Maximizing Elasticsearch's performance and cost efficiency

Maximizing Elasticsearch's performance and cost efficiency

Maximizing Elasticsearch's performance and cost efficiency

Maximizing Elasticsearch's performance and cost efficiency

Maximizing Elasticsearch's performance and cost efficiency

Maximizing Elasticsearch's performance and cost efficiency

by Antoni Olendzki

Elasticsearch is a powerful text data search and analytics platform, but managing performance and costs becomes critical as your data grows. Here’s how to get the most out of your Elasticsearch deployment.

1. Optimized indexing strategy

Use _bulk API when indexing your data 

Using the _bulk API when indexing your data is crucial for ensuring the best write performance. The _bulk API allows you to send multiple indexing or update operations in a single request, significantly reducing the overhead associated with otherwise used individual writes (one document per API call). This approach minimizes the network and Elasticsearch cluster load, leading to faster data ingestion and lower latency.

Use appropriate shard sizes

  • Why shard size matters: shards are the basic unit of storage and indexing in Elasticsearch. They allow you to distribute data and search load across multiple nodes in a cluster. However, improper shard sizing can lead to significant performance bottlenecks.

  • Optimal shard size: aim for shard sizes between 20 and 40 GB. Many small shards can lead to excessive overhead in cluster management, which can overwhelm the cluster state management and lead to performance degradation. Conversely, huge shards can cause slow search and indexing performance, increasing the I/O operations required for read and write tasks.

  • Monitoring and adjustment: regularly monitor shard states  (even the simplest Elasticsearch _cat/shards API  will provide you with enough information) to keep track of shard distributions and sizes. If shards are too small or too large, you can always use the _shrink or _split API to resize them. The _shrink API can consolidate small shards into fewer, larger ones, while the _split API can break down large shards into smaller, more manageable sizes.

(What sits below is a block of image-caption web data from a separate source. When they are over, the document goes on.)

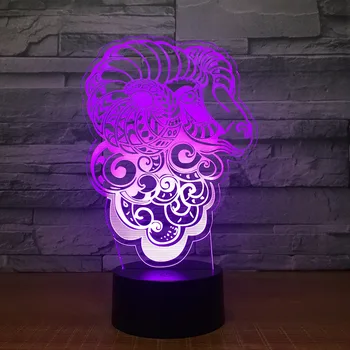 2018 Nova Personalidade, Noite, Luz de Toque Colorida de Controle Remoto 3d Luminárias Linda de 7 de alteração de cor 3D Lâmpada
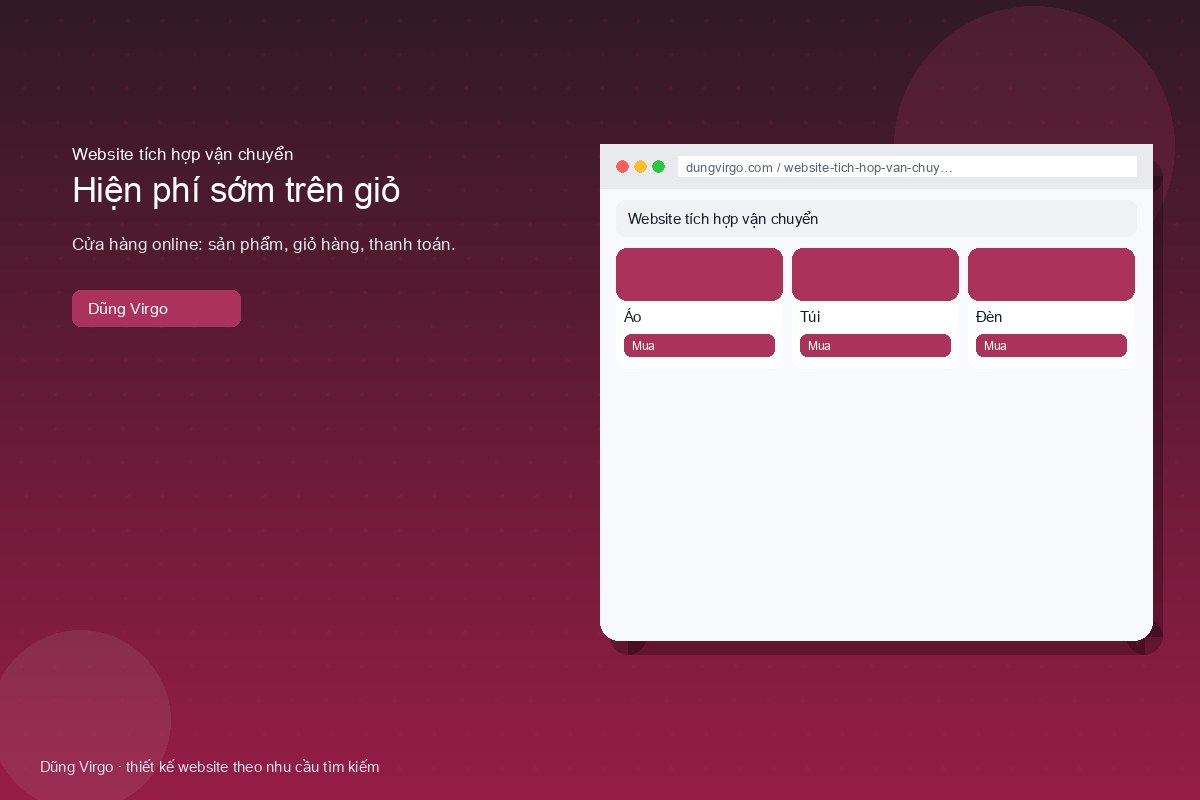 Hiện phí sớm trên giỏ — website tích hợp vận chuyển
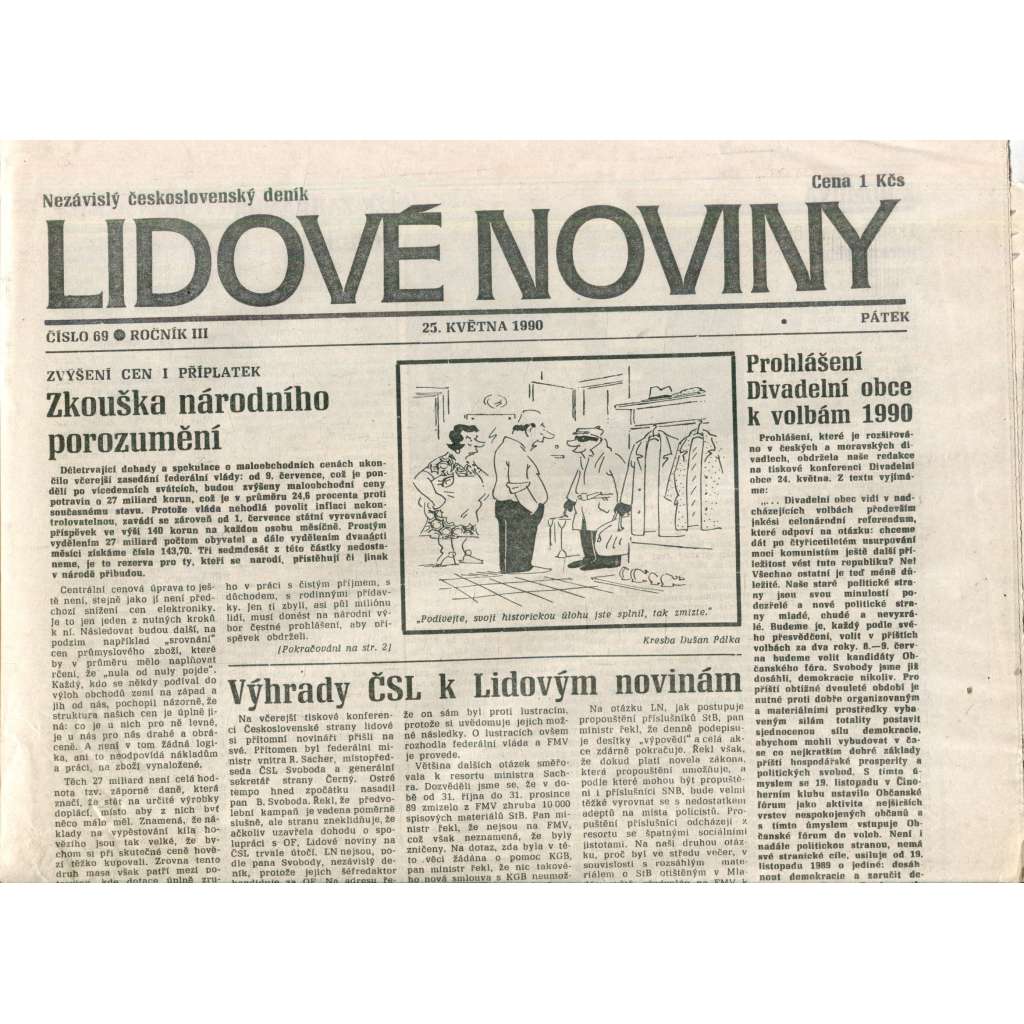 Lidové noviny. Nezávislý československý deník (25.5.1990) - noviny Lidové noviny. Nezávislý československý deník (25.5.1990) - noviny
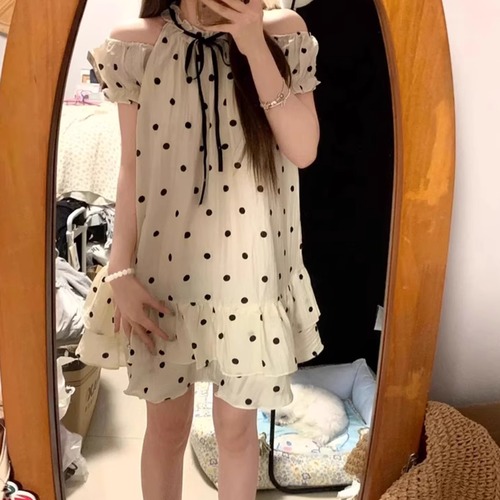 オープンショルダーフリルミニワンピ ・70499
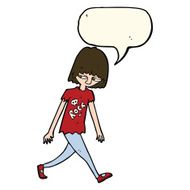 cartoon teenager with speech bubble N7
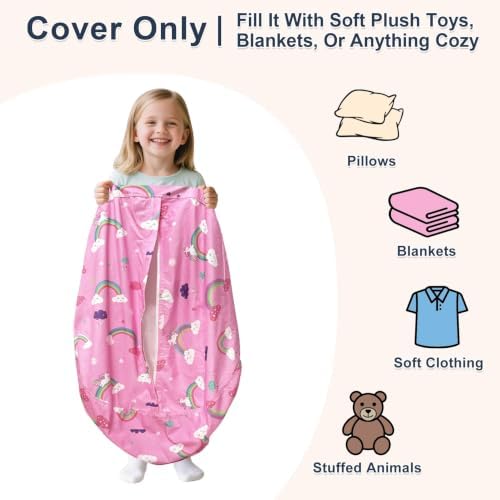 Lukeight Unicorns Stuffed Animal Storage Bean Bag Chair Cover - Image 2
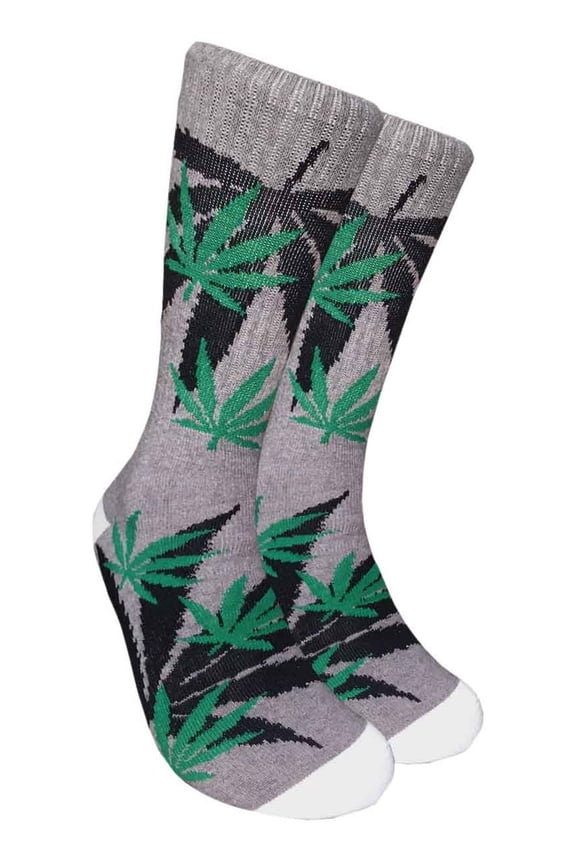 Mens Marijuana Weed Leaf Gray Socks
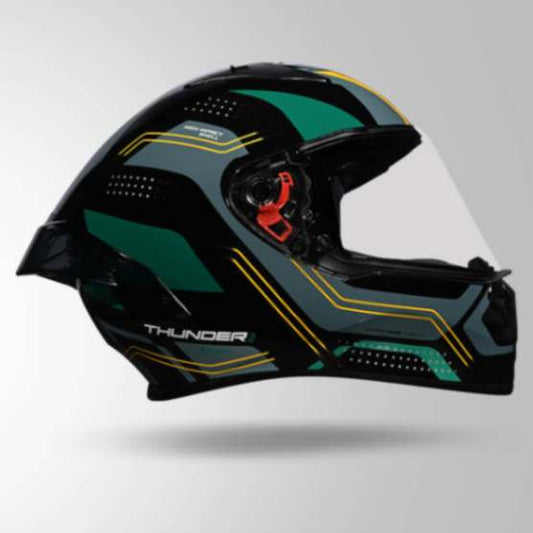 Studds Thunder D2 Draken Decor Black & Green With Spoiler - Full Face Helmets
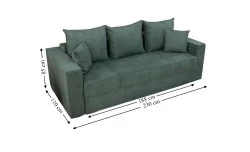 Canapea Extensibilă Claudia Memory Max, Verde Brad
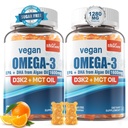 Vegan Omega 3 Gummies 1280mg + 비타민 D3 K2 (MK7), 성인, w/Algae EPA 600mg & DHA 400mg, MCT 기름을 위한 오메가 3 물고기 기름 대안 - 아니 물고기 맛 - 뇌, 눈, 면역력, 설탕 무료, 2 팩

However (and it’s a big gotcha however), these operations do not modify the existing index - they just reindex all the data into a completely new Elasticsearch index - so it might not be applicable as effectively as it may put downtime on your services.

Manage mappings and settings

  • The importance of lean mappings: mappings in Elasticsearch define how documents and fields are indexed and stored. Overly complex mappings can introduce unnecessary overhead and slow down indexing operations. Keep mappings lean by defining only the fields you need and setting appropriate data types.

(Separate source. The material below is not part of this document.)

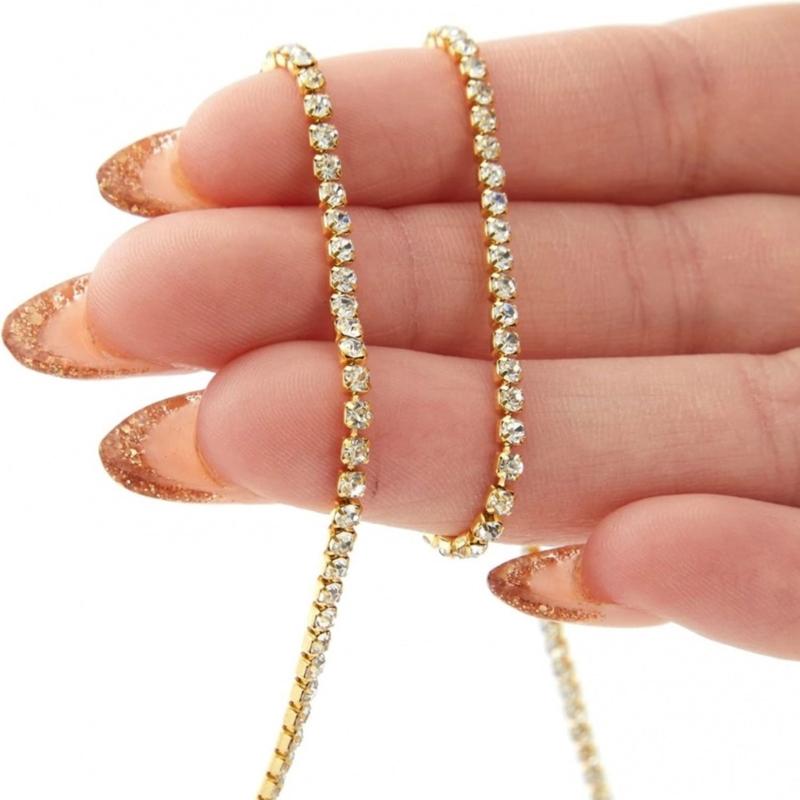 Стразы Ближняя Цепь Пришивные Стеклянные Стразы Отделка Цепь из Страз Цепь из Страз в Чашках для DIY Ремесленных Украшений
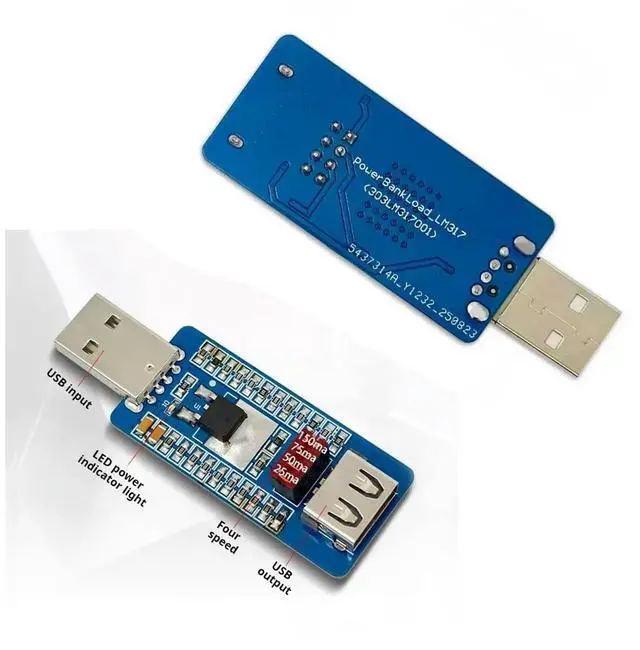 Main image of USB Electronic Load Board USB Power Bank Virtual Load Anti-shutdown Module Onboard LM317 Power Chip with LED Indicator Light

  • Use “text” type only when necessary: as much as enabling full-text search capabilities for all textual data is tempting, this isn’t free. Entries of type “text” need to be tokenized, which involves extra processing and storage, so you might end up paying extra for functionality that’s effectively not in use. Consider “match_only_text” and “keyword” types instead.

  • Using dynamic templates: dynamic templates allow you to define rules that Elasticsearch uses to dynamically apply mappings to fields based on their names or data types. This ensures consistency and reduces manual effort. For instance, you can set up a dynamic template to automatically index all fields that start with “log_” as `match_only_text` fields. This will help you avoid inferring unwanted/incorrect data types on ingestion (which will require costly reindexing to be corrected).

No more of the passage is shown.